First Amendment to Pledge Agreement dated December 20, 2019 by and among Pacific Ethanol Central, LLC, Pacific Aurora, LLC and CoBank, ACB
FIRST AMENDMENT TO PLEDGE AGREEMENT
This First Amendment to Pledge Agreement (this “Amendment”) is made as of December 20, 2019 by and among PACIFIC ETHANOL CENTRAL, LLC, a limited liability company organized under the laws of Delaware (“Pledgor”), PACIFIC AURORA, LLC, a limited liability company organized under the laws of Delaware (“Aurora”), and COBANK, ACB, a federally-chartered instrumentality of the United States, as Agent for the benefit of the Lenders under the Credit Agreement (together with its successors and assigns, “Agent”).

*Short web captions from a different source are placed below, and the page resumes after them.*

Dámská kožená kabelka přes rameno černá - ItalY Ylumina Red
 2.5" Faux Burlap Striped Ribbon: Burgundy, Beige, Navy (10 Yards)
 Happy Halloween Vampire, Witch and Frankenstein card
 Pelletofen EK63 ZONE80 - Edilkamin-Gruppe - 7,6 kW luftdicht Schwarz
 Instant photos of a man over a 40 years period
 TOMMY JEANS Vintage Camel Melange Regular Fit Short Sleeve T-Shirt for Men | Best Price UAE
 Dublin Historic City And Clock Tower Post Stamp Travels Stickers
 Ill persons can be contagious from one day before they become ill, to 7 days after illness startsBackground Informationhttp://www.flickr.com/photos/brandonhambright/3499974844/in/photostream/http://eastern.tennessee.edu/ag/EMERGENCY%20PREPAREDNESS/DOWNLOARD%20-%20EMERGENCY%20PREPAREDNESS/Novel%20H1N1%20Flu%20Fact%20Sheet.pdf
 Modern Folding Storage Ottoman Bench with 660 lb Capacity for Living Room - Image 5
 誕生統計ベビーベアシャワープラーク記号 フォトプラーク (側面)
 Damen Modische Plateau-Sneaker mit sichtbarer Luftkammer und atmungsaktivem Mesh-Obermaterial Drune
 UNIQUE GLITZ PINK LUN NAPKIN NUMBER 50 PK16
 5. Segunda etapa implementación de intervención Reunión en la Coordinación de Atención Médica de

WHEREAS, COMPEER FINANCIAL, PCA, a federally-chartered instrumentality of the United States, successor by merger to 1st Farm Credit Services, PCA (together with its successors and assigns, “Lender” and together with Agent, the “Lender Parties”), Agent and PACIFIC ETHANOL PEKIN, LLC, a limited liability company organized under the laws of Delaware (“PEP”) are parties to that certain Credit Agreement dated as of December 15, 2016, as amended by that certain Amendment No. 1 to Credit Agreement dated as of March 1, 2017, as further amended by that certain Amendment No. 2 to Credit Agreement dated as of August 7, 2017, that certain Amendment No. 3 to Credit Agreement dated as of March 30, 2018, as further amended by that certain Amendment No. 4 to Credit Agreement dated March 20, 2019 (“Amendment No. 4”), as further amended by that certain Amendment No. 5 to Credit Agreement dated July 15, 2019, as further amended by that certain Amendment No. 6 to Credit Agreement dated November 15, 2019, and as further amended by that certain Amendment No. 7 (“Amendment No. 7”) of even date herewith (as may be amended, supplemented or restated from time to time, collectively the “PEP Credit Agreement”), pursuant to which the Lender Parties may make advances and extend other financial accommodations to PEP.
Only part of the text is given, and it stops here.